I reached into the crate with trembling fingers, pulling out the first envelope. It was dated just a week after he’d left me.

“How many?” I asked, overwhelmed by the sheer volume.

“Two hundred and forty-three,” he said quietly. “I counted once. Probably more now.”

My hands shook as I opened the first letter.

November 15th - Lina, I’ve whispered your name a thousand times since I walked out of that hotel room while you watched me leave. The look in your eyes haunts me. It’s been a week since I left you there, and I’ve started seventeen letters trying to explain why. This is the first one I’ve managed to finish. I’m a coward. That’s the only explanation that matters. You deserved better than a man who runs...

The tears started immediately. Knox pulled me against him, holding me as I read letter after letter, each one a window into his soul.

December 2nd - I wonder if you think of me. Probably not. Why would you remember someone who rejected you so cruelly? I think of you constantly. The way you laughed at my terrible jokes. The way you fit perfectly against me. The way you said my real name when I finally told you...

December 24th - It’s Christmas Eve. I keep thinking about your laugh. Are you laughing tonight? Are you happy? Are you with family? I sat through pack Christmas dinner imagining you there, wondering what traditions you have, what makes you smile during the holidays...

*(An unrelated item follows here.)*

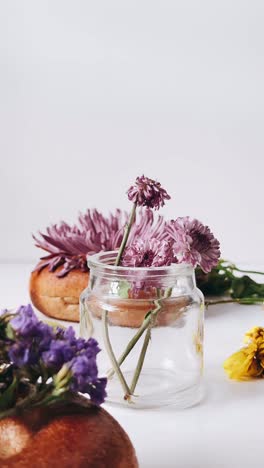 floral still life with doughnuts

March 10th - Blake would have loved you. He always said I’d fall hard when I met my mate. Didn’t believe in mates then. Do now. Too late now. He would have kicked my ass for leaving you. God, I miss him. Miss you too, though I have no right to...

July 8th - Drove near Pine Valley today for a territory meeting. Couldn’t go further. Sat at the border for an hour like a coward. What if I’d stayed? Would you have let me? Would you have accepted what I am? What we could be? I’ll never know because I didn’t give you the choice...

November 3rd - I wonder if you found someone. Someone better. Someone who stays. The thought makes me want to tear the world apart, but I hope you did. You deserve someone who doesn’t run. Someone who gives you everything. Even if the thought of another man touching you makes my wolf homicidal...

January 1st - New Year. Same resolution. Find the courage to find you. Failed again. I’m so sorry, Lina. Sorry I was weak. Sorry I left. Sorry I can’t seem to move forward or back, just stuck in this hell I created...

Letter after letter, his soul laid bare on paper. His regrets, his obsession, his dreams of what could have been. There were updates about pack life I would have been part of, descriptions of traditions I would have learned. Pages where he’d drawn house plans, designing a home he never built because it was meant for a family he didn’t have. Sketches of a nursery that made my heart clench, dated two years before he even knew about the twins.

“You designed a nursery,” I whispered, tracing the pencil lines with my finger.

“I used to dream about children. What they’d look like. Dark hair like yours, hopefully. Your smile. Maybe my eyes.” His voice was rough. “I never imagined twins. Never imagined they’d be so perfect.”

There were angry letters too, full of self-hatred and recrimination. Letters where he’d obviously been drinking, the handwriting messy, the words raw. Letters about Blake, about guilt that ate at him. Letters about his parents, about pack politics, about everything I should have been there for.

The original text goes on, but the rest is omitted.